Finally, we should look at how a black idiom and the sensibilities it has come to imply are appropriated for the associative value they lend to modernism - hip, sophisticated, ultra-urbane.

Toni Morrison - ‘Playing In The Dark’

The oracle spoke. I wanted to play with the words above, to move in and out of music, sound, and the voice within filmic space, and to reference it with the context of how they can be used in the most subtle (and gregarious) ways as troupes in which to depict the emotional core and sonic environment of a film. Contextually situated within the black (Africanist) idiom, as an ethnomusicologist, I am duty bound to broaden that category to all touched by the hand of imperialism, and/or suffered the fate of self-inflicted civil genocide.

I had also initially determined this series would be concerned with approaches to craft, not process (eye roll...)

Craft is beyond process, in fact, this is a good time to see where craft and process separate.
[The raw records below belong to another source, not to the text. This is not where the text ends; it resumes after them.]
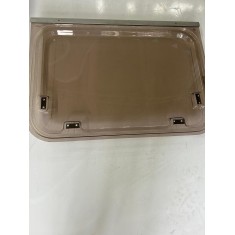 Finestra apribile 700x460
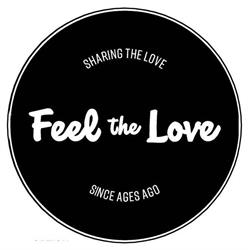 Feel the Love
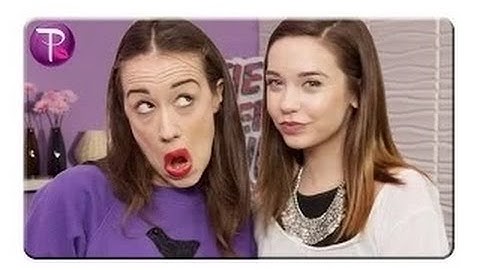 Exploratory Testing - Complex Software;p4 Lessons from Cloud Foundry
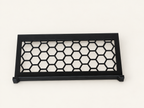 Slabster Magnetic Honeycomb Risers for Zion Display Cases
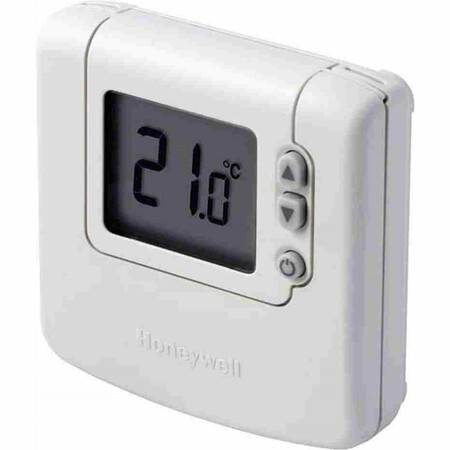 Thermostate ohne Zeitsteuerung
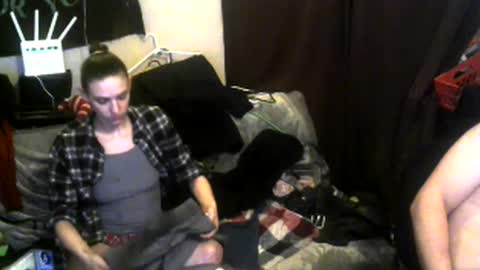 Snapshot of countryfuckers chatting on 01/06/25, 02:25 Alaskawildcouple online show from 01/06/25, 02:25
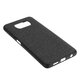Business Breathable Canvas Sweatproof TPU Shockproof Protective Case for POCO X3 PRO / POCO X3 NFC Business Breathable Canvas Sweatproof TPU Shockproof Protective Case for POCO X3 PRO / POCO X3 NFC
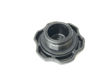 Εικόνα από ΤΑΠΑ ΛΑΔΙΟΥ ISUZU CAMPO 96-02 / D-MAX 02-12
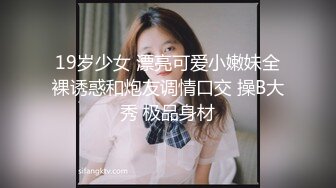 约良家少妇一来就伸进内裤摸穴拔下裤子就要操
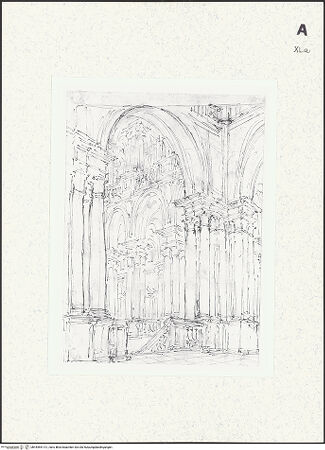 Vorderseite von bh444551-01_recto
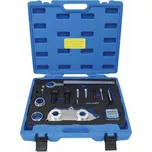 Satra S-VG15T aretace rozvodů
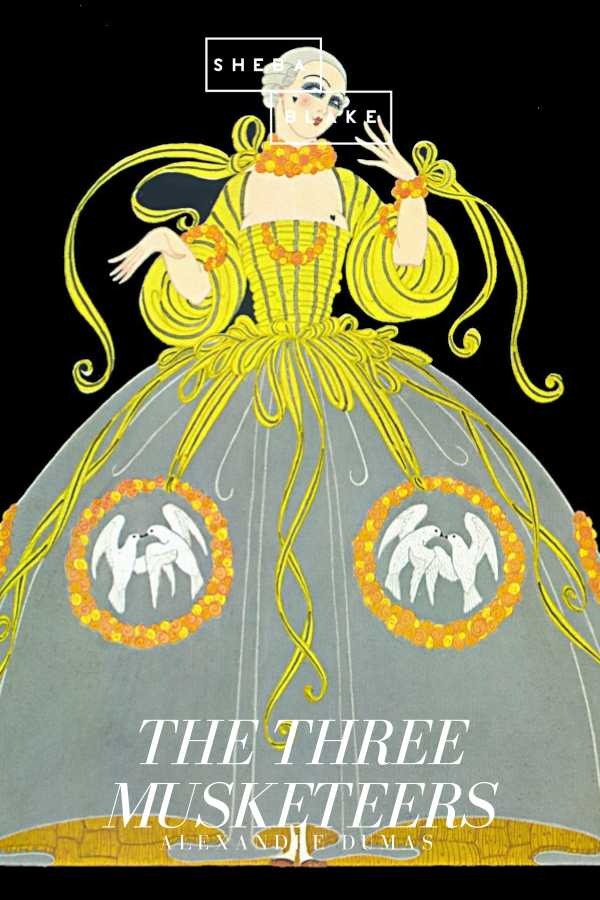 bw-the-three-musketeers-sheba-blake-publishing-9783961898930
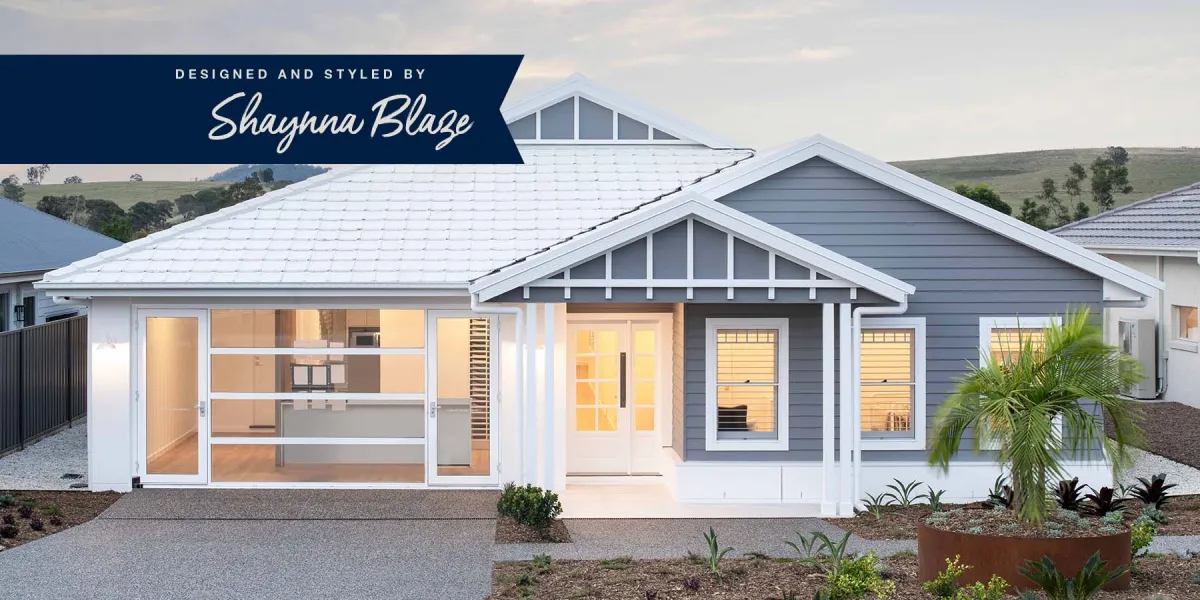 Avalon 249 Virtual Tour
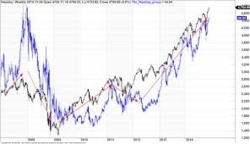 4244e0c7-3df3-46ad-bc8c-e9a5e83e9485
If the above adage holds true, your craft will highlight this - there will be nowhere to hide; emotional and/or ancestral baggage will regurgitate at every instance, embed. Process is what you do; craft is the result of how you do what you do over time. The difference: craft is defined purposefully here as ‘the accumulation of what you have done over many years that has now determined and/or produced a specific, unique signature in an oeuvre’ e.g. Martin Scorsese’s use of diegetic music within a sonic space; Tan Dun’s materiality in compositional form; Ousmane Sembène‘s bold refusal to allow music’s emotionality to compromise the narrative space; the emotional sonic space of Jane Champion; Wong Kar Wai’s positioning of western songs as sonic signifiers etc. This is craft: it is borne out of processes applied to constructing a product.

And process? Well, they are the many accumulated ways of ‘doing’, the many faceted approaches to what we do: what we find, capture, structure, reproduce, imagine, and re-imagine as sound and music; what we attach and reattach to sound and music as constructs.
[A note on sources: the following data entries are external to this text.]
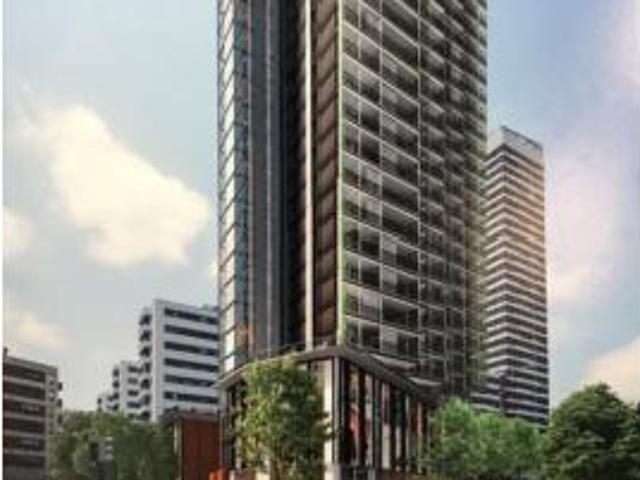 Piso en venta en Basurtu-Zorrotza, Bilbao
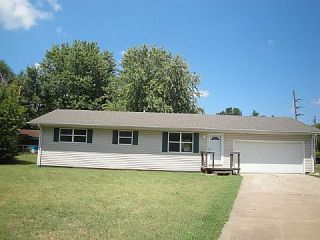 Casa Reposeída - Listado 100128561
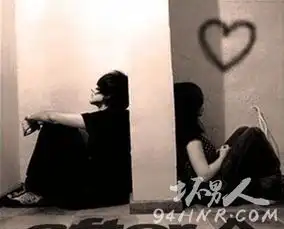  异地恋旁人无法理解的那些痛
Initially, (I said). Now? Well, I realise that if research is mentioned the two become inextricably linked in a way that I do not have the word count here to divorce them in this context. So for now, they stay married, and you’re all coming for the ride….

A few pointers regarding research: educational approaches to taught subjects i.e. curriculum modules, literature reviews etc, are aspects deemed essential and foundational that continue to promote and uphold specific points of view enabling cannon formation, history, gender bias, knowledge construction, cultural appropriation and adaption (is there really a need to remake every Japanese film? And so badly??) It would be wise to approach these ecosystems of knowledge production and epistemologies with the following in mind: there is the industry of academia, the industry of education, the commercial industry, and the industry of hustle. They all bare a certain verisimilitude. Industry has become the bedrock of knowledge formation and (re)production. Industry was the production of a product, now the product is industry.
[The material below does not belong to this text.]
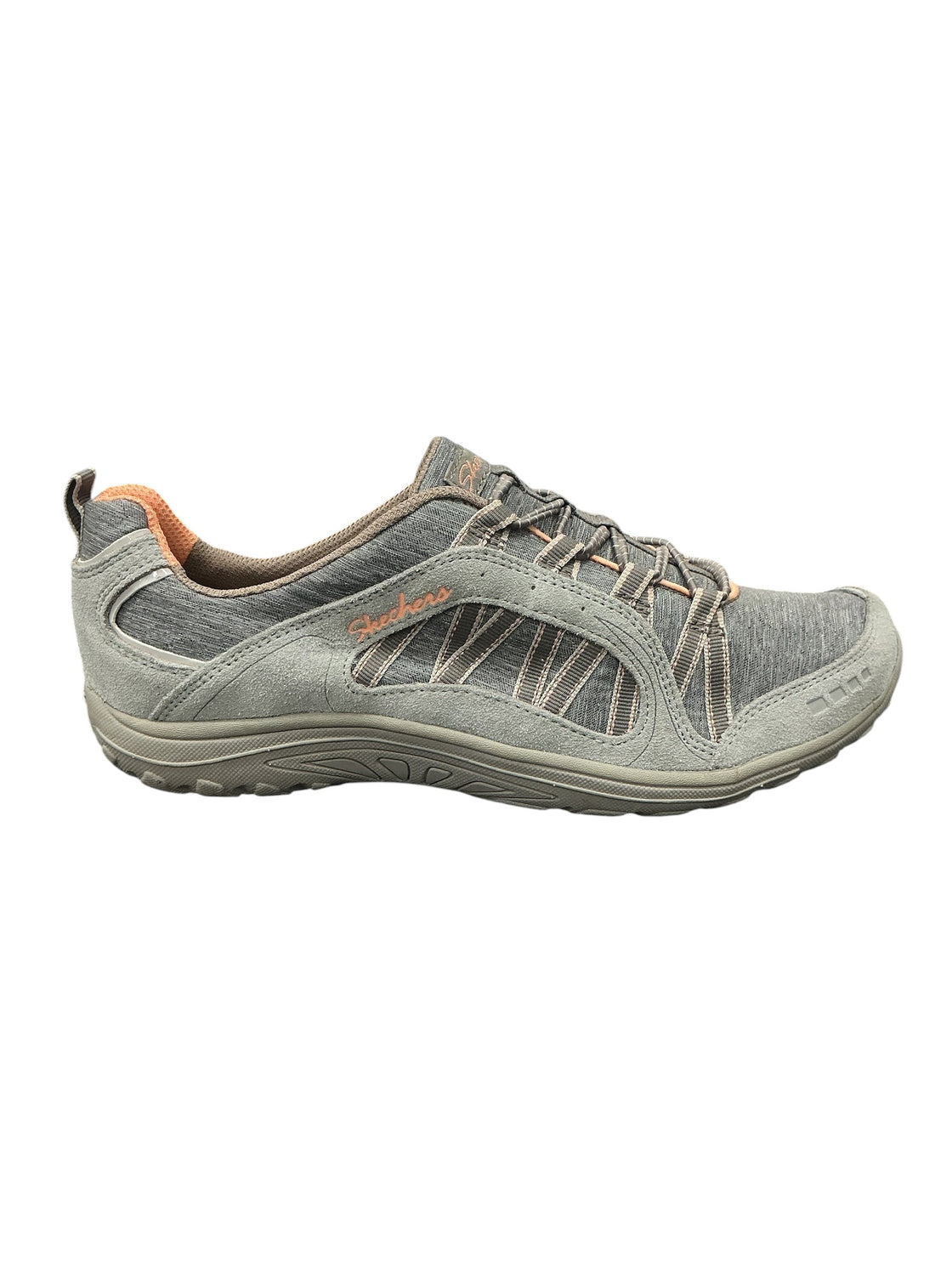 Tenis 8.5 (SKERCHES)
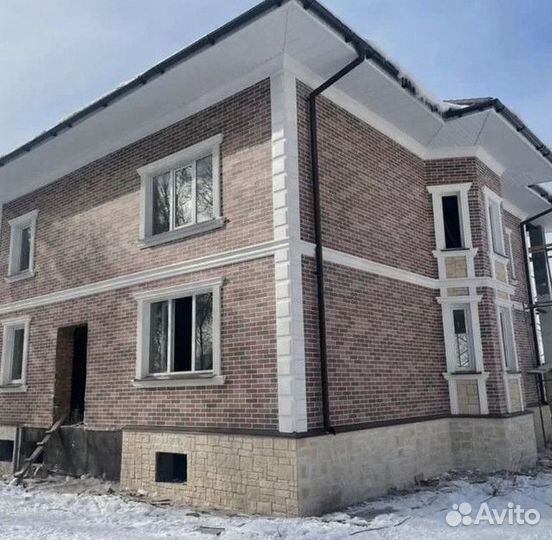Сайдинг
And, there are useful approaches to consider that are essential:

  • Theories: how is sound and film music written/engaged with as a historical body of work? From whose perspective? With what agenda? As this generates meaning, how does it set the tone of the scene, and tone of the music concerning environment, and narrative arch? (Arggh, the homonym...) Be very aware of the point of view that delineates epistemologies of the West that lack and/or cannot contain an overall perspective that incorporates and encompasses competing and comparative historiographies. An inherent lineage or outline is needed to depict corresponding chronological and postcolonial timelines: what happened in East Asia and the Eastern Caribbean in the 1960’s are both of equal importance (especially as the Eastern Caribbean had historically inherited a considerable amount of East Asians due to indentured labour).
  • Existential aspects and practical concerns: Why do we create? (Cosmology/ phenomenology); how/why, we see/hear, what we see/hear, and, how we learn to do this (enculturation), are incredibly important here: imbibing sound and music as a core of filmic space is predicated on how we are schooled - educationally and culturally - to listen, perceive, and engage with sounds and music, and will denote our uses of such.
  • Tripartite aspects of voice, sound design, and music in the (non)diegesis functioning together (I’ve incorporated Foley, ADR, Mastering, location (background) into these three categories). Do you have a working idea of how they function distinctly?
  • Methodologies and aesthetics: what does sound mean to, and in, different cultures? What is it used for? The lack of sonic silence in the west - what does this tell us; the properties of sound and how they are archived, collected, stored in the digital sphere, algorithms, and cymatics (as a philosophical construct, and mathematical theme in waveform construction and vibration); the cultural uses of sound and music - what are gendered sounds/taboo sounds, and, depicting sound i.e. what does heat and cold sound like?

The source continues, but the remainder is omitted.